How’d it go? Eh, it was fun while I forgot about it all, but there were times when I’d think about her and I’d break a little bit. It was nice to try to get my mind off of it for a day, though.

When I got back, though, it was right back to my lonely reality. I crashed immediately and woke up throughout the night with nightmares. They all involved her. I’d have left her and she’d moved on already. I know it’s going to happen, it’s just something I don’t want to think about right now.

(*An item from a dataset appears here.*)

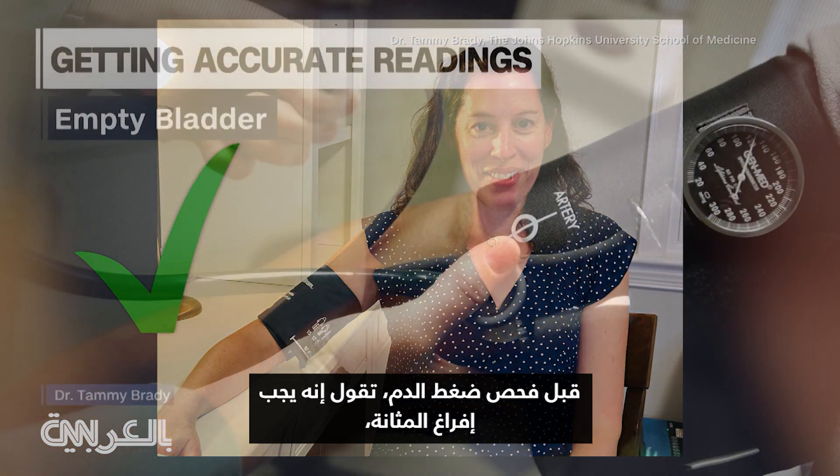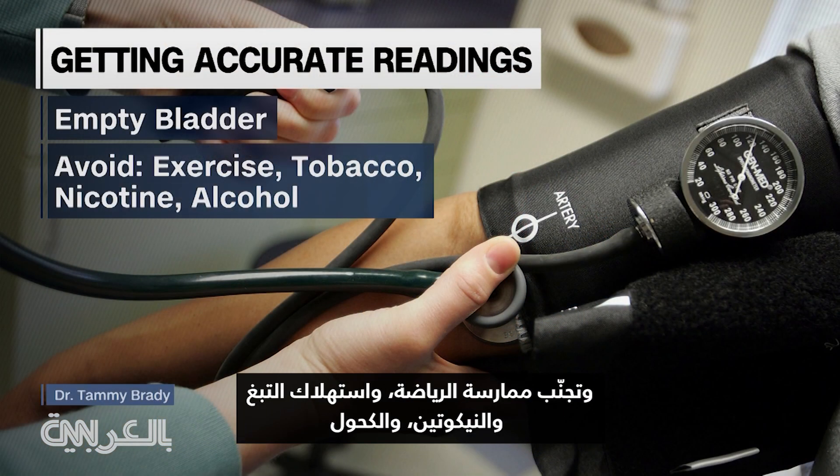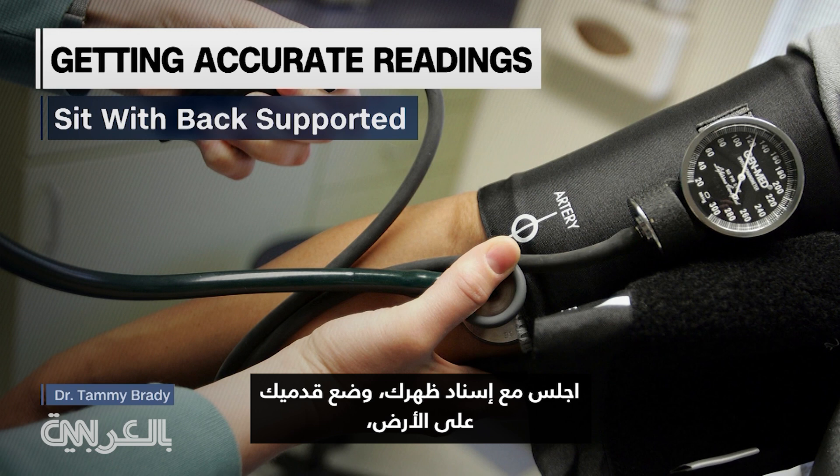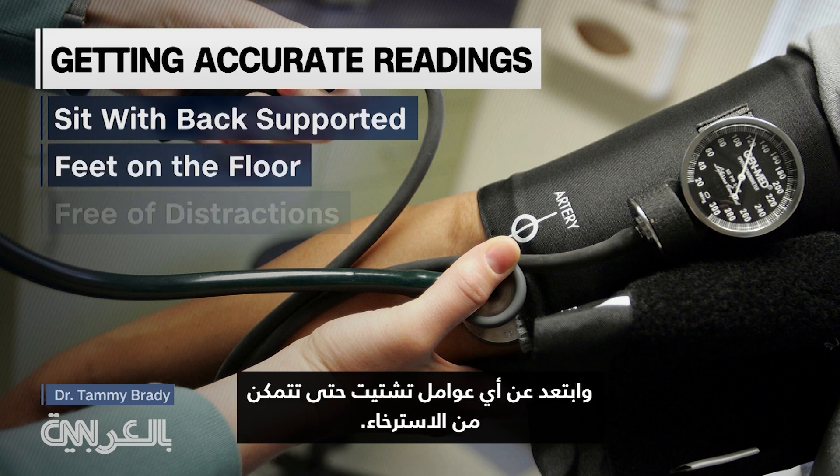Before the blood pressure is checked, she says to empty your bladder. Avoid exercise, tobacco, nicotine, and alcohol for at least 30 minutes beforehand. Sit with your back supported, feet on the floor, and be free of distractions so that you can relax.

I’ve been thinking a lot about my future. I don’t know if I’m going to be getting a job out of school, the economy really blows still. I know it’s a year or so off, but it’s in the back of my mind. I’ve really been considering joining the Army. It’s something I’ve felt like I’ve always needed to do. I live in the greatest country in the world and no matter my opinion on the war, I will support the military 100%. I feel like I have a duty to the country and I want to be able to live up to it. Am I conditioned enough for it? I don’t think so. I think it’s something I’m going to have to work for, just like a lot of things in life. Will it be worth it? I don’t know, but I’d be willing to find out.

I miss her a lot. It’s not easy to go a day without talking to her, let alone this past week. I really hope she’s doing well. I hope her friends and family are trying to let her know I’m an asshole and not worthy of her. I deserve this hell.